ASSIGNMENT | Pictures in the listing below are skipped, while the lines from the "Mkanda Wa Ngozi" line through the "Polícia cumpre mandados" line are returned word for word.

MATERIAL PROVIDED |

****

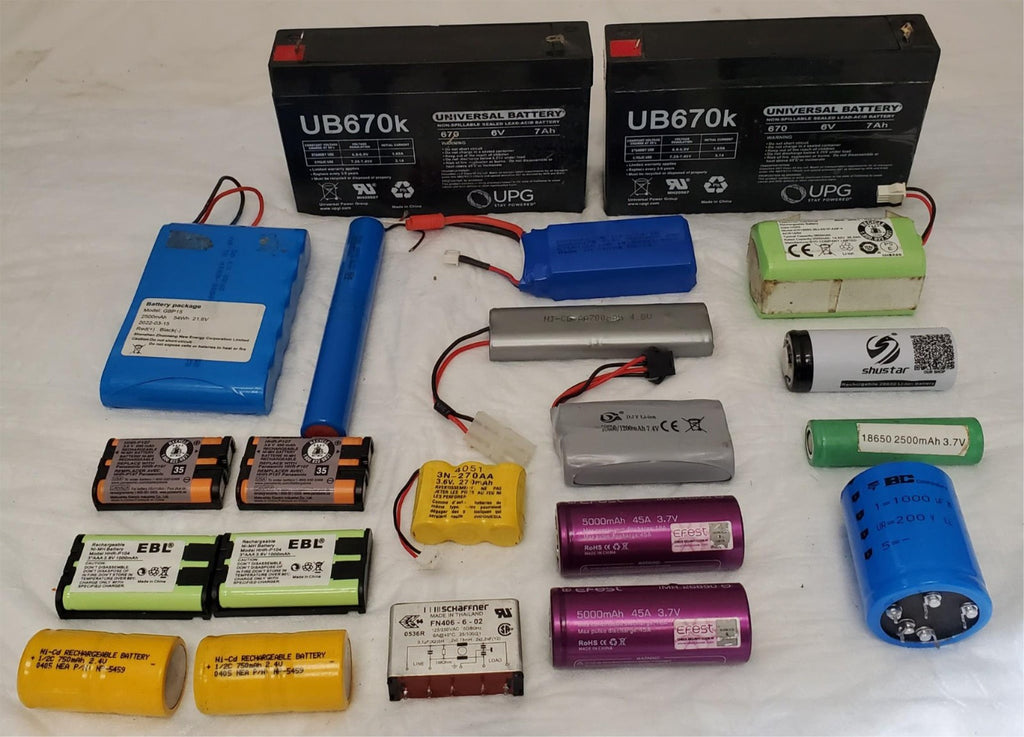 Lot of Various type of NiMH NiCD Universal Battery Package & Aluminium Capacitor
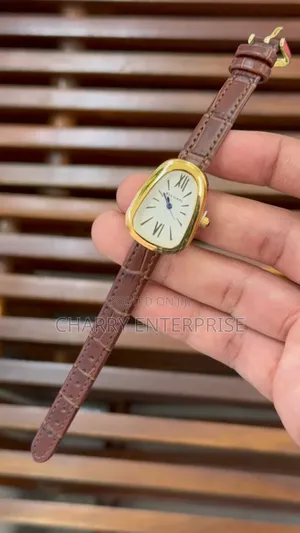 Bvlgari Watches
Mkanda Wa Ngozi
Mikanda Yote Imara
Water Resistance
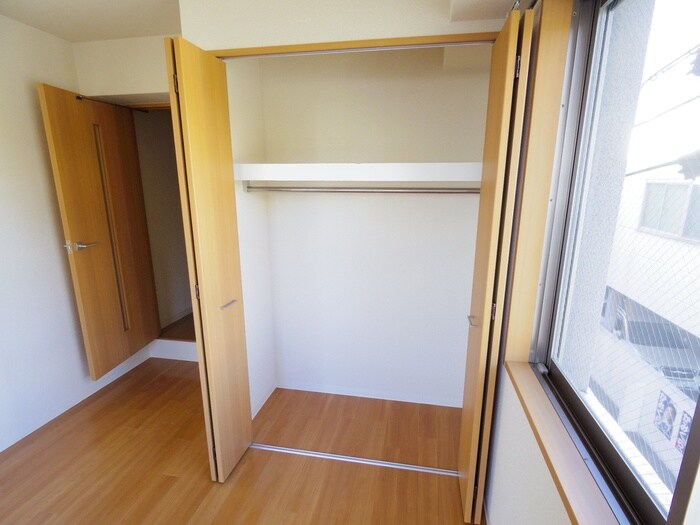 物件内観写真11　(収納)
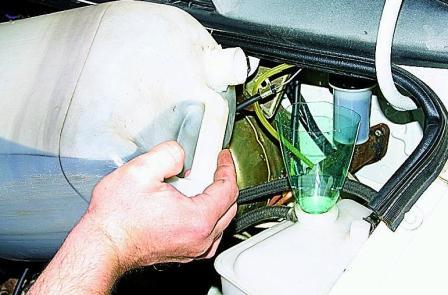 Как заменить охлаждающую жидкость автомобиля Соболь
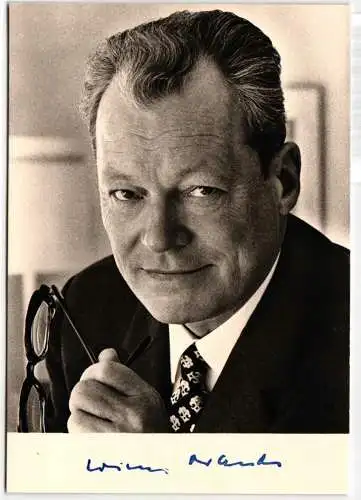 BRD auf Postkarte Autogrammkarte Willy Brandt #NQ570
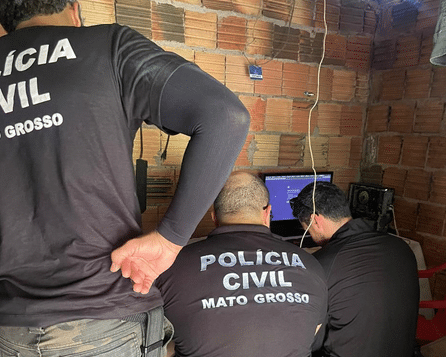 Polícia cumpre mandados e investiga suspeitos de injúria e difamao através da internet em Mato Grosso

****

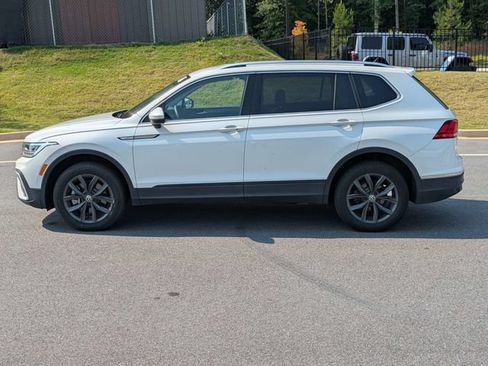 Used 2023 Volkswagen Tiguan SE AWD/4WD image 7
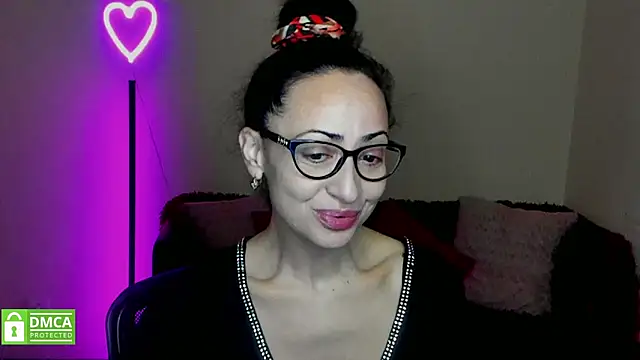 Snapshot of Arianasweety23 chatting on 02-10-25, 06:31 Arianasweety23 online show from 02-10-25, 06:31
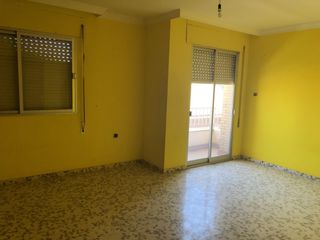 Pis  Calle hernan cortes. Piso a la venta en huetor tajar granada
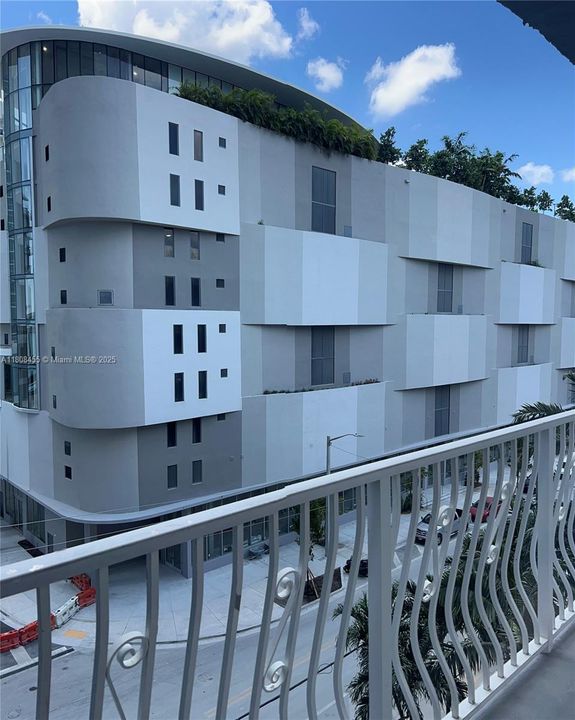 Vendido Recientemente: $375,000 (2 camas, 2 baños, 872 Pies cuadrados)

****

OUTPUT BELOW |
Mkanda Wa Ngozi
Mikanda Yote Imara
Water Resistance
 物件内観写真11　(収納)
 Как заменить охлаждающую жидкость автомобиля Соболь
 BRD auf Postkarte Autogrammkarte Willy Brandt #NQ570
 Polícia cumpre mandados e investiga suspeitos de injúria e difamao através da internet em Mato Grosso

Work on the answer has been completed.